I won’t live to see it. Not unless there’s a miracle.
There are days when that’s okay with me, when I’m grateful that there will soon be a day when I won’t have to drag my body out of bed, stuff my mouth full of ten different kinds of meds, and fight to pass as a normal, functional adult anymore.
And then there are days like today, when I look out at a cafeteria filled with once hopeless kids, now laughing and chatting and eating with the gusto of healthy people who need fuel for all the big things they’re going to do with their lives, and I pray for another year.
Two.
Three or more—if somehow my body can be convinced to stop attacking itself.

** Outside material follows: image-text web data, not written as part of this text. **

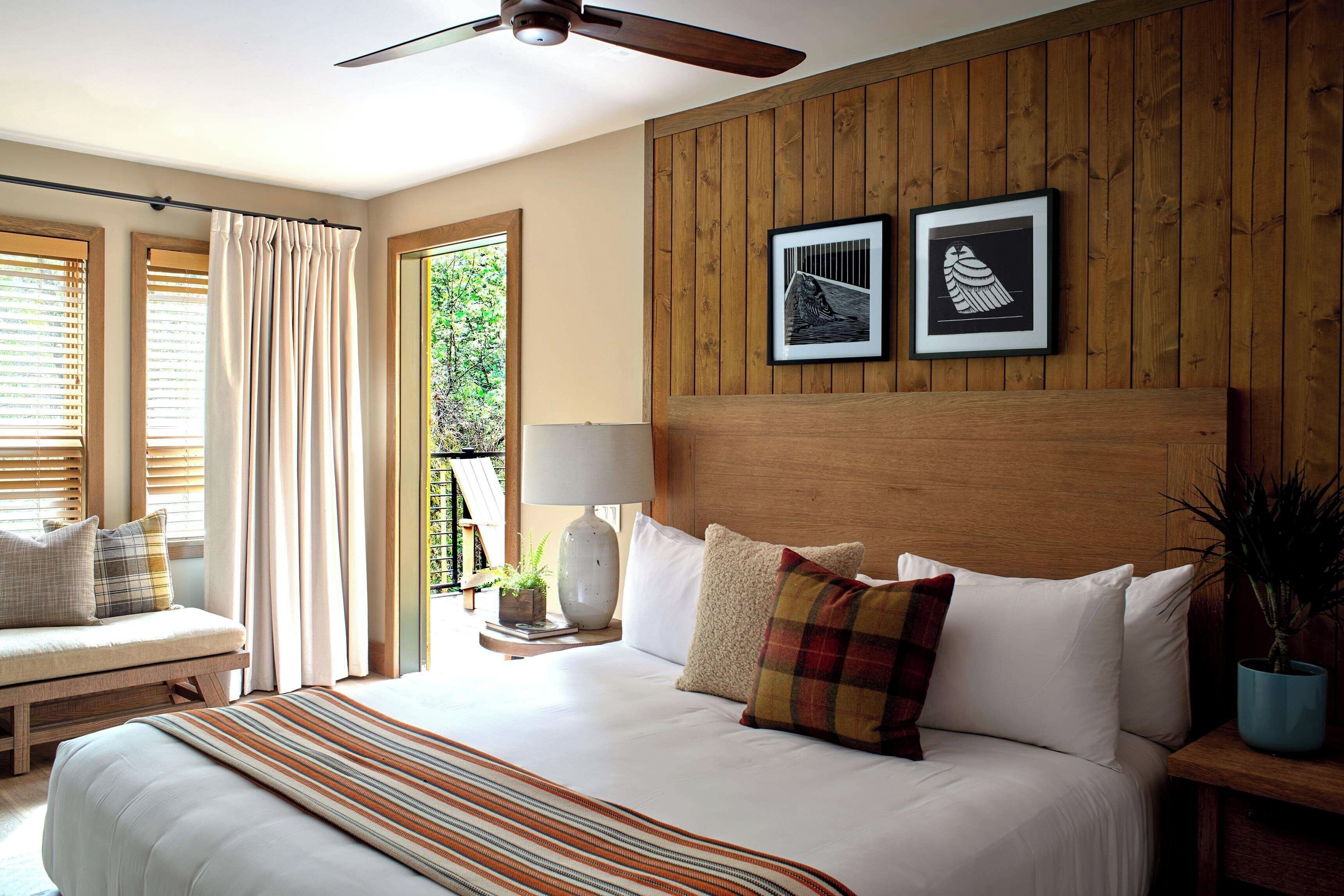 A bedroom with a large bed, a ceiling fan, wooden panel walls, and two framed artworks.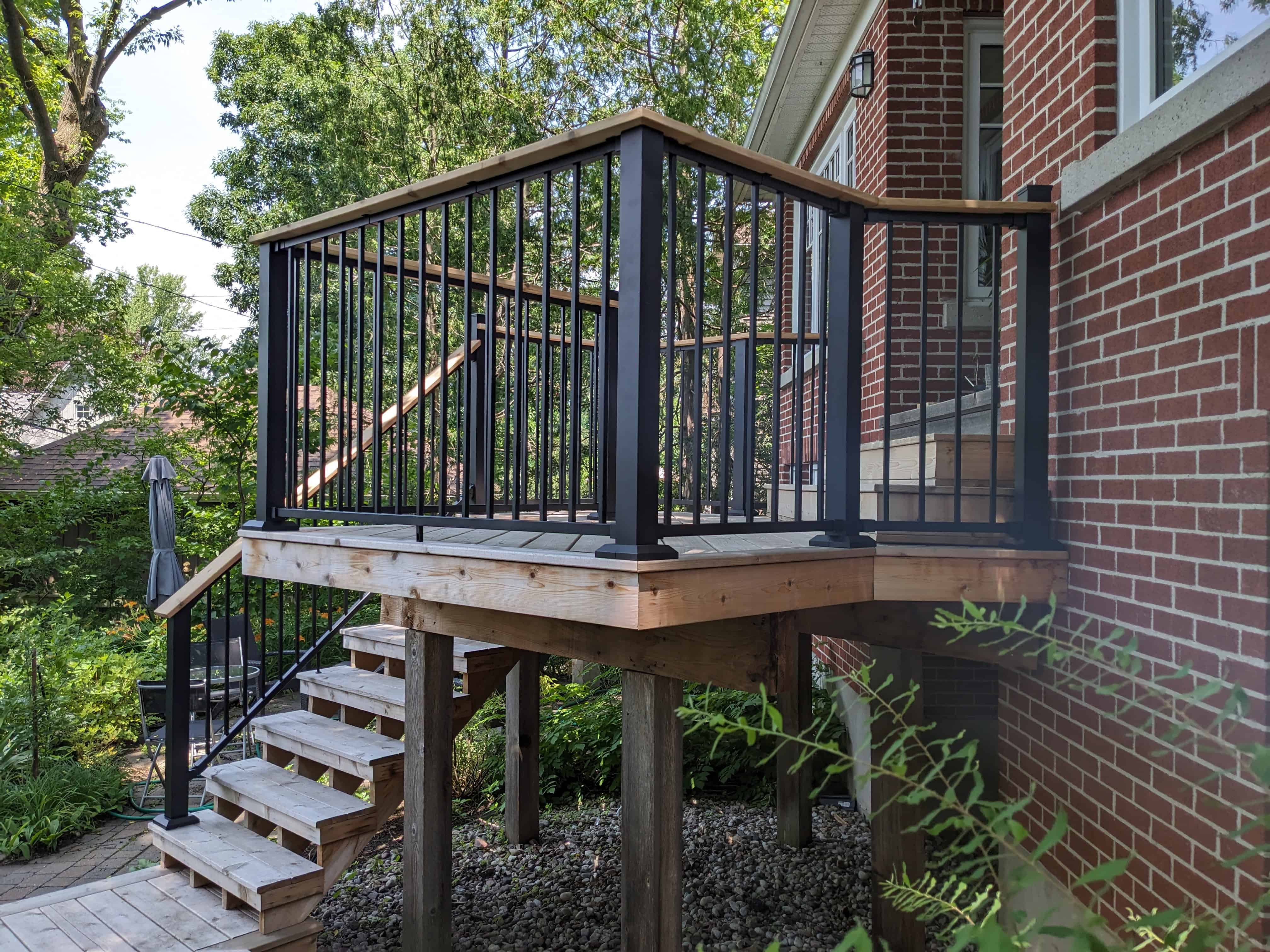 Fortress black railing with cedar drink rail on an Ottawa deck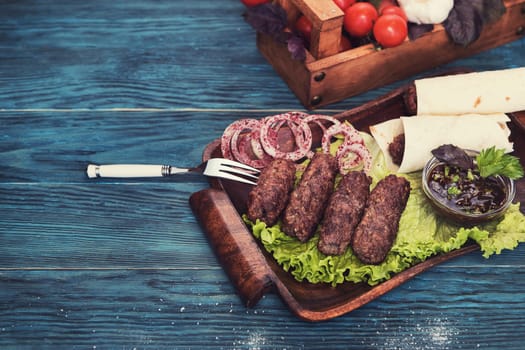 Grilled lula kebab - meat dish, with vegetable on a blue wooden background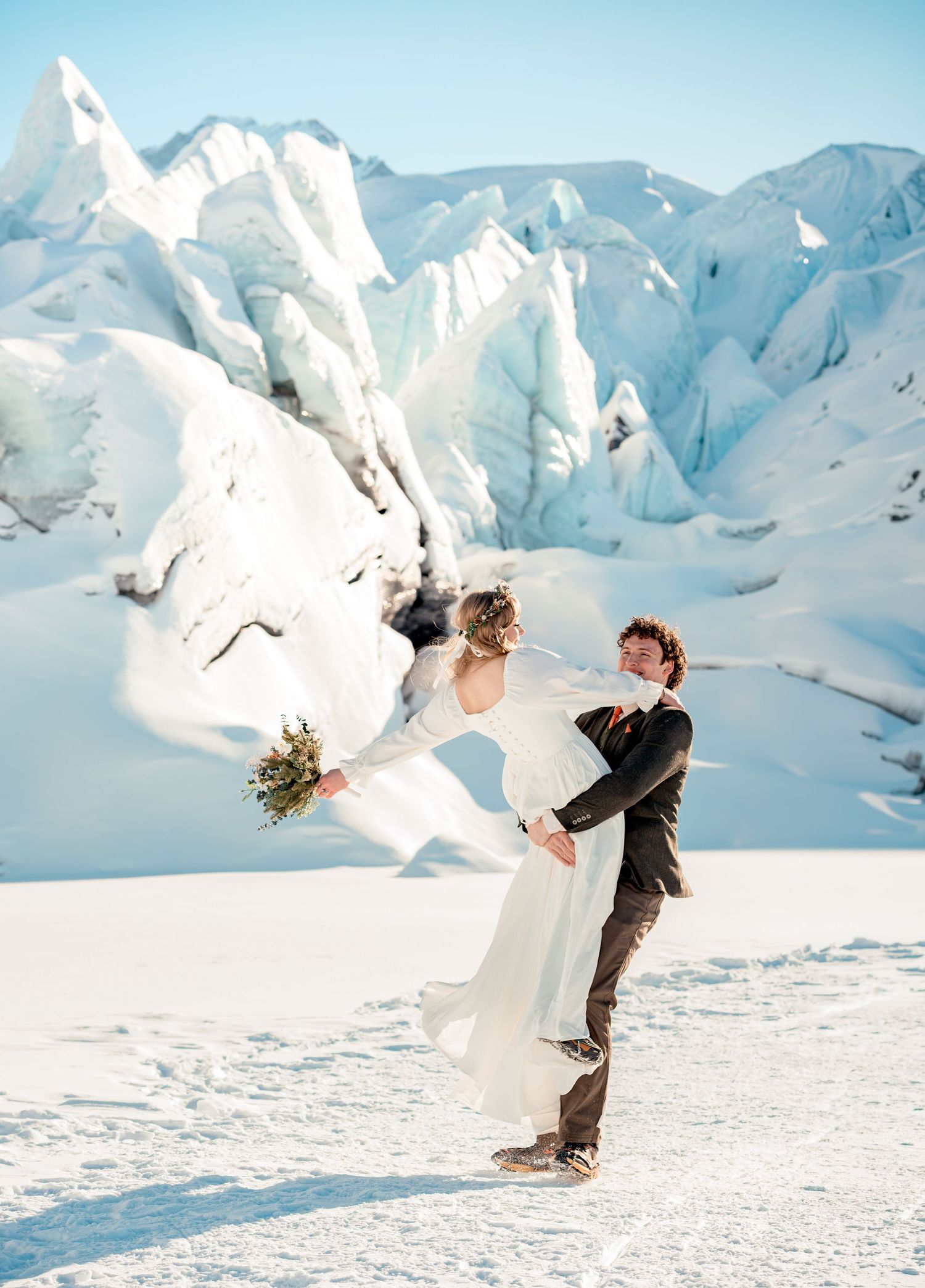 Groom lifting bride in white gown on snowy glacier landscape with dramatic ice formations during winter wedding photoshoot.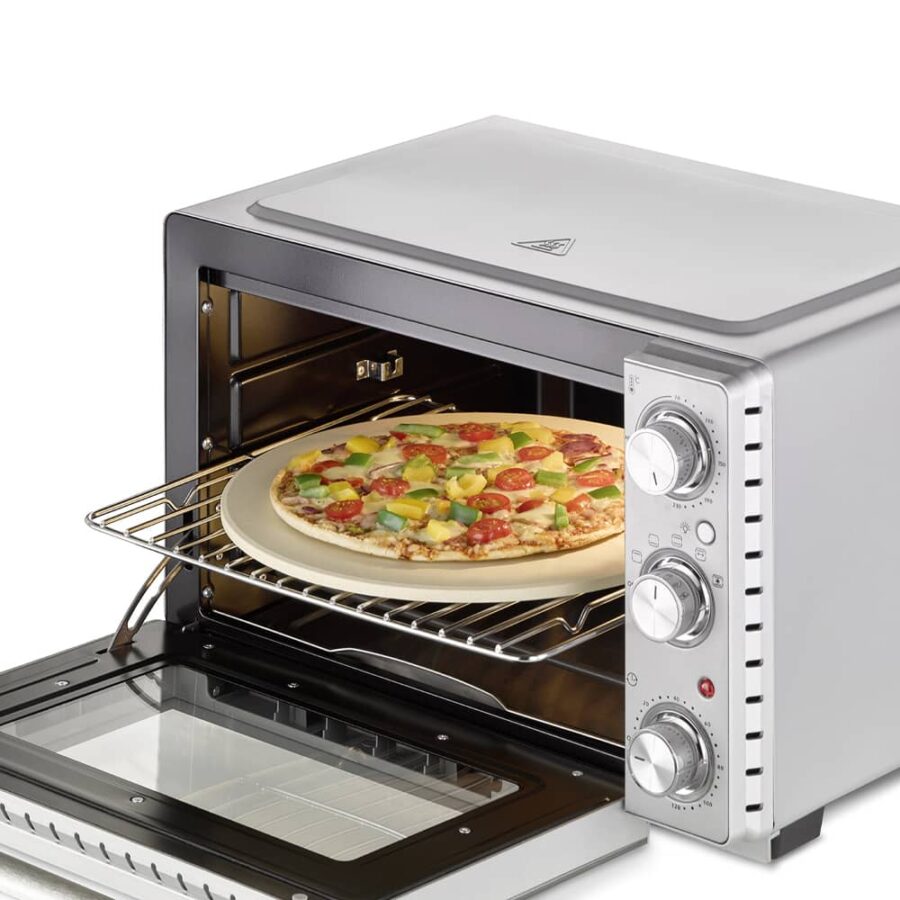 CASO TO 26 SilverStyle oven with door open, light on, pizza on pizza stone on wire rack slightly pulled out.
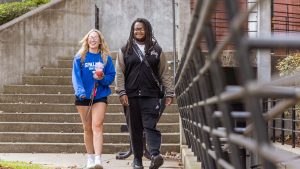 A black male and a white female Spalding student walk outdoors on the Spalding campus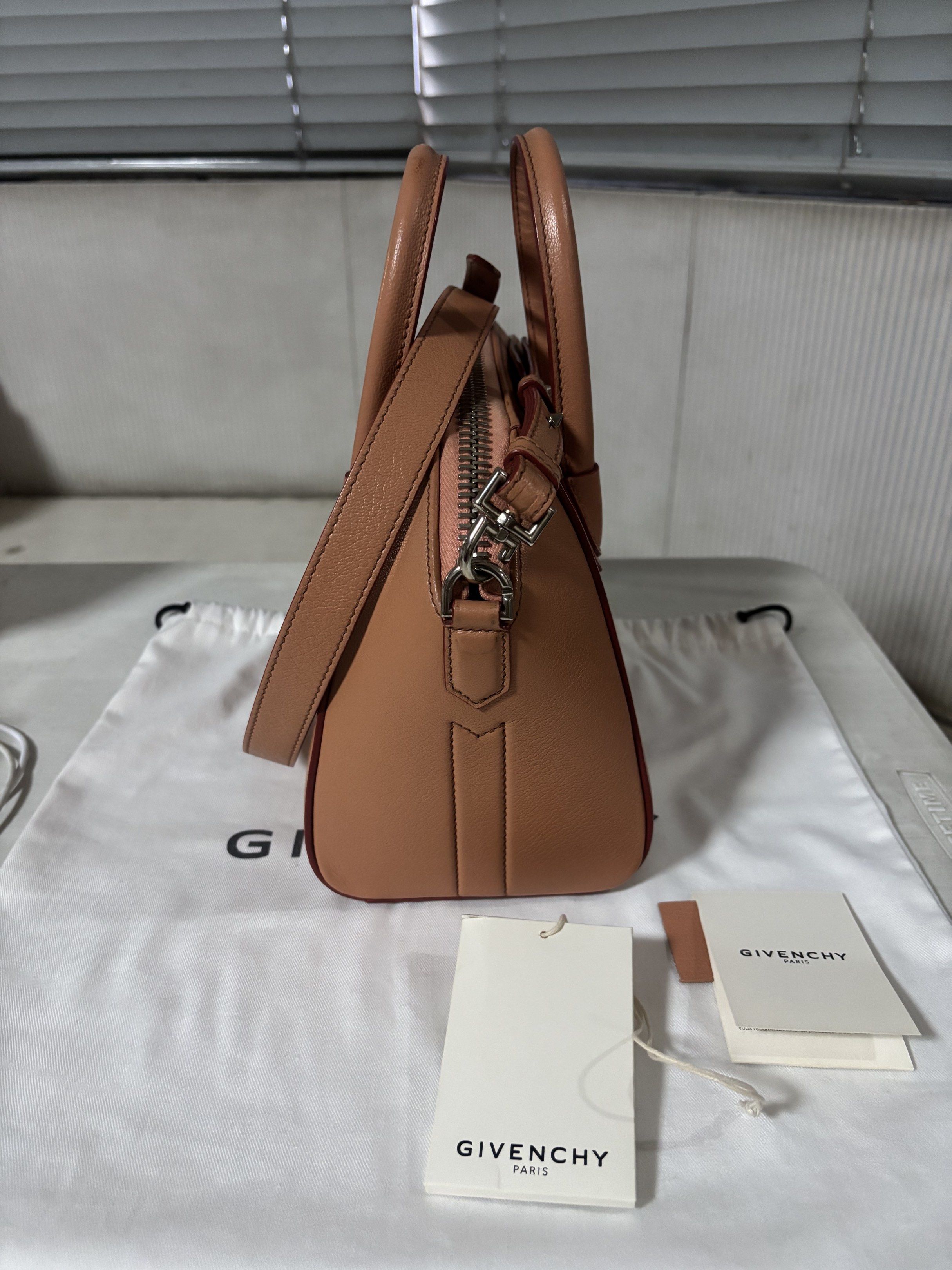 Givenchy Mini Antigona Bag (Category: Luxury Bags & Wallets) located in Quezon City. Submitted by sam.kim (Listing ID 1419541747, Image 2). Description: - Authentic, Year 2019 - Color: Pale Coral - With paper bag, dust bag and cards - 8.66 in x 7.87 in x 5.11 in - Used, good condition - Abrasion on front top handle but can be restored - Rfs: decluttering.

“We good to close the line, boss?” a voice rumbles softly from beside me, making my cheeks heat.
That’s what he does to me, this man who is another reason I would like to stick around a little longer. Long enough to see what having a steady boyfriend might be like, maybe…
Or at least long enough to see if Kite’s kisses are as lovely as the hugs he gives me every evening as we say goodbye and head for our separate train stops.
“Yeah, let’s close up.” I turn, smiling up at him as whips off his hairnet with a relieved sigh, setting his long, glossy black hair free to stream around his broad shoulders. “Aw, poor Kite,” I tease. “I’m telling you, you’re pulling off the hairnet. It’s a solid look for you. You should take a selfie.”